If you’re looking to learn for learning’s sake (or you’re just bored and need some academic stimulation without the hassle of exams), check out some of the sites below. I’ve listed them from most general to most specialized. The first three are especially good as you can access lectures in every subject under the sun from every university, Ivy League to local community college.

YouTube EDU
iTunes U.
Academic Earth
Big Think
MIT Open Course Ware
Google Code University


  1. Your trip to Paris sounds like bliss - magazines, iPod, TV and wine. What else would you need? I have done an online PG Dip in Journalism based in London while living in Norway as there were no local options in English. Online courses certainly do offer opportunities to expats who might otherwise get frustrated at not being able to further careers through study. Now must go look into those Ivy League course ;-)

  2. I did in fact know that Paris is the most visited, I even know what is the second most visited--London...but do you know the third? (as measured by hotel beds....)Too bad you'll be gone for the next pub quiz night or you would know, too...

    But also, on topic, per our earlier discussions, do you think that these courses (and I confess I haven't clicked through to them all), especially those from the Ivy League ones cheapen at all the degrees of people who worked to get into the real classes?

    (and yes, I know that it's a giant and multilayered question...)

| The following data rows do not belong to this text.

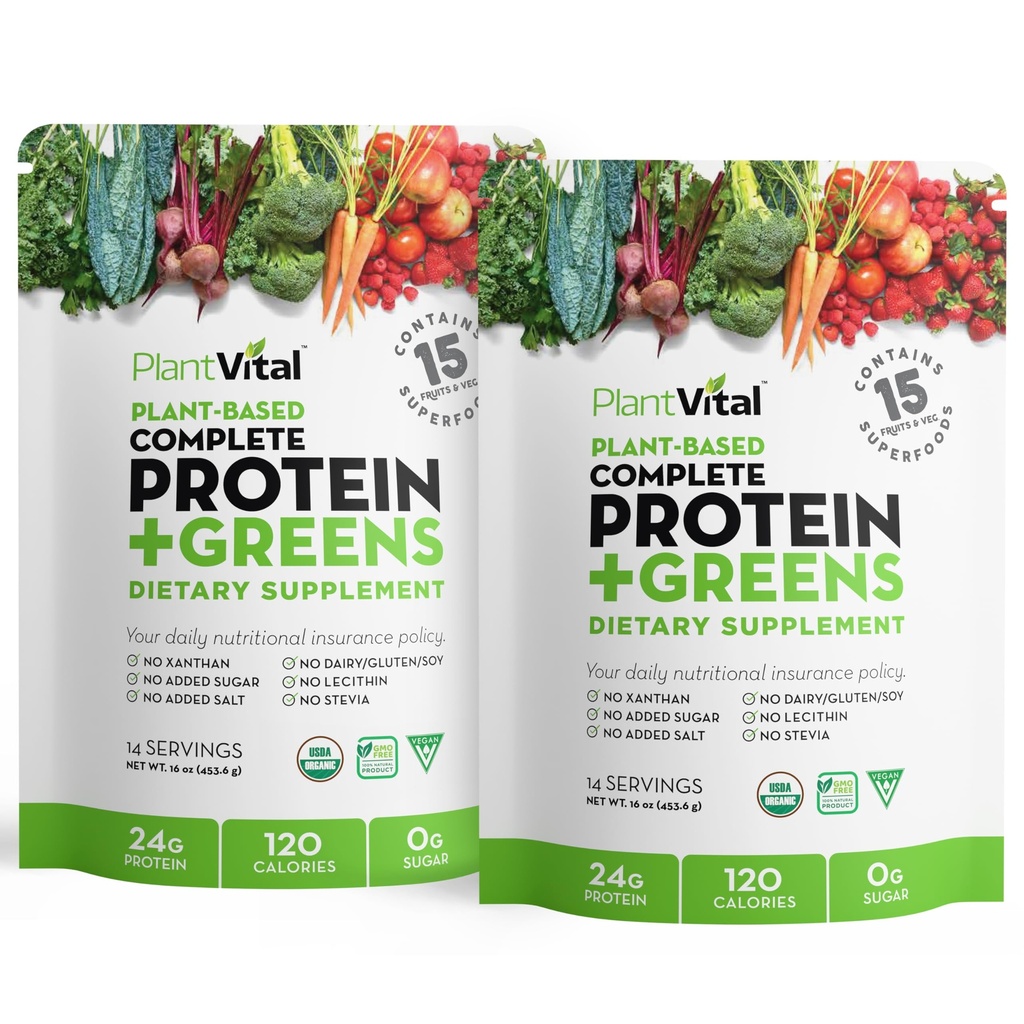 Plantvital Unflavored Organic Vegan Protein Powder - 15 Superfoods, Veggies and Probiotics - Organic Plant-Based Protein Powder - All BCAA’s, Gluten Free - 16oz (Pack of 2)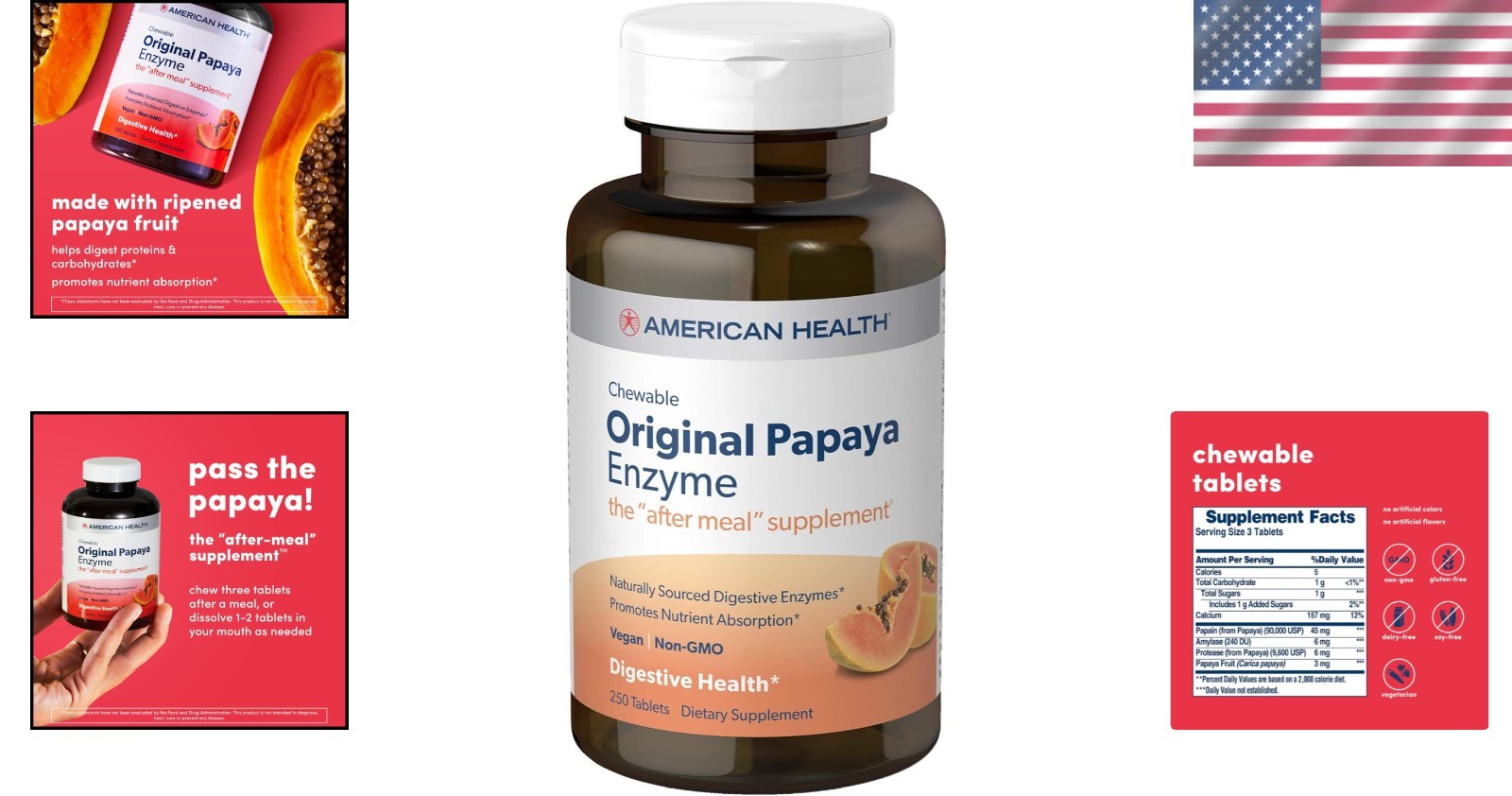 250 Chewable Papaya Enzyme Tablets for Digestive Wellness – & Gluten-Free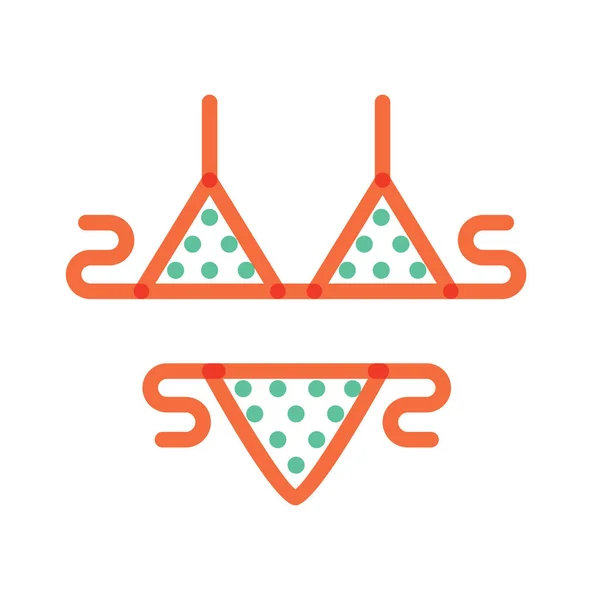 Bikini Traje Icono Plano Vector Ilustración — Archivo Imágenes Vectoriales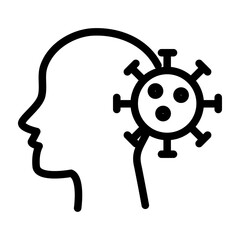 Head with Virus Line Icon of Epidemiology Icon Set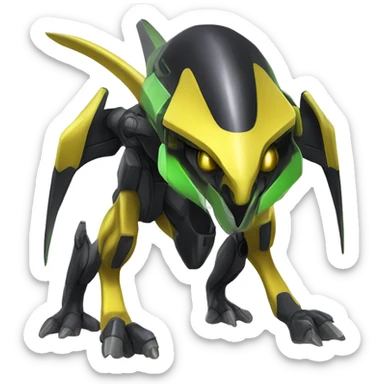 a shiny black-yellow-green Genesect-Raptor-Fakémon—hybrid with a futuristic visor-helmet full body sticker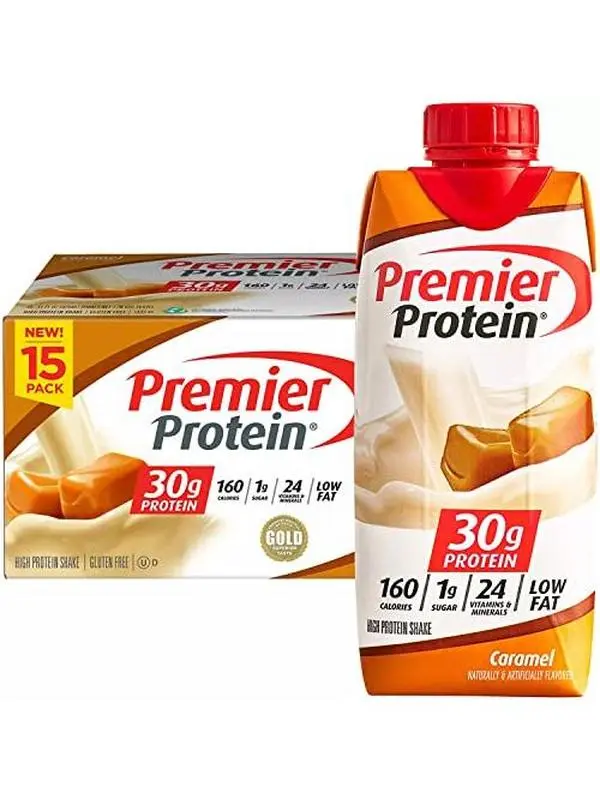 Premier Protein High Protein Shake, Caramel - 160 Calories - 24 Vitamins & Minerals - 30 g Protein - Ready Set Gourmet Donate a Meal Program - 1 Case (11 fl. oz, 15 pk Each)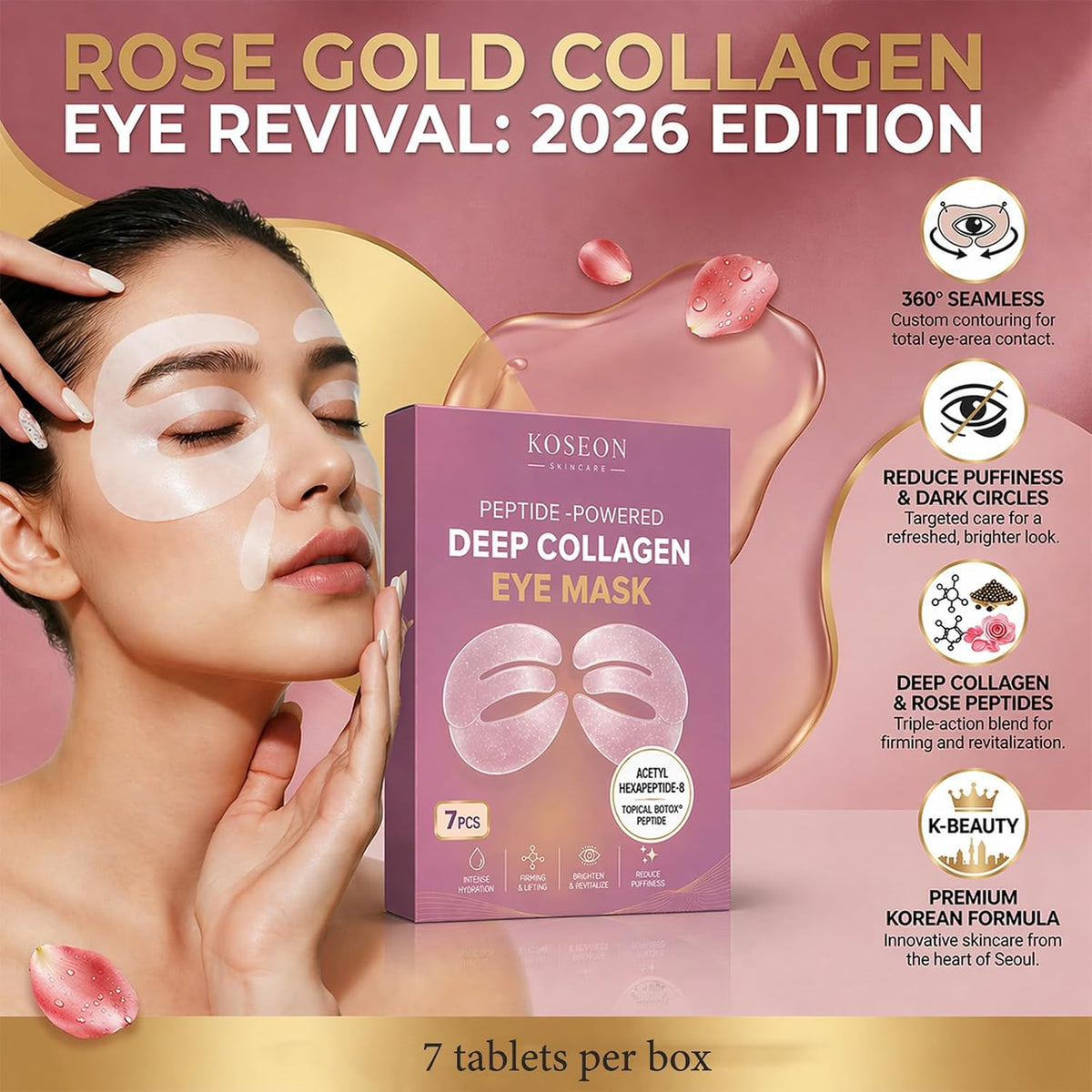 Collagen Eye Mask, 2026 New 7 PCS Peptide-Powered Deep Collagen Eye Mask, Eye Mask with Collagen Peptide, under Eye Patches 360° Fit, Eye Patches for Puffy Eyes and Dark Circles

    For example, while I guess you could argue that part of the value is the classroom stimulation from fellow students and interaction from teachers, etc....(which is also a comment on online teaching I suppose....) I still think that while it may be philanthropic, etc... to give away the knowledge for free, it may not be a big service to the students who pay for it....

    Anyway, I am convoluted, but still...

  3. NorwayNomad, that's awesome you were able to continue your studies while abroad! It wasn't that easy to do even a decade ago, so we've come a long way, baby!

    ECD, I think the (short) answer is this: knowledge is free as it has no price. An Ivy Leage degree, however, does have one. I think access to the lectures offers others the chance to expand their horizons, be exposed to new ideas, and possibly recognize talents and interests they never knew they had.

    However, the prestige that is attached to a summative award from an Ivy League is still limited to the select few based on admissions standards (and likely tuition rates as well). So while I think that there is no harm and actually great benefit in allowing others to be exposed to the teachings, there are no degrees being offered, so the pool of Ivy League graduates is not being distilled and thus the value of the degree preserved.

    As for the online teaching environment, while you do not have the benefit of face-to-face communication, in some ways it forces students out of their shells more as there is no hiding in a lecture theater - each student must contribute to the discussion on an individual basis. I would go so far as to say the interaction between students is actually greater in an online environment. As for interaction from the teacher, all I can offer is my own experience. I know the writing style and skills and names and knowledge level of every student I teach online (and we're talking about 100 students this term alone) as I spend hours each day reading their work and getting to 'know' them online. I can't say I know the face-to-face students I teach on the same level as we are engaged in a more generic interaction in the live classroom.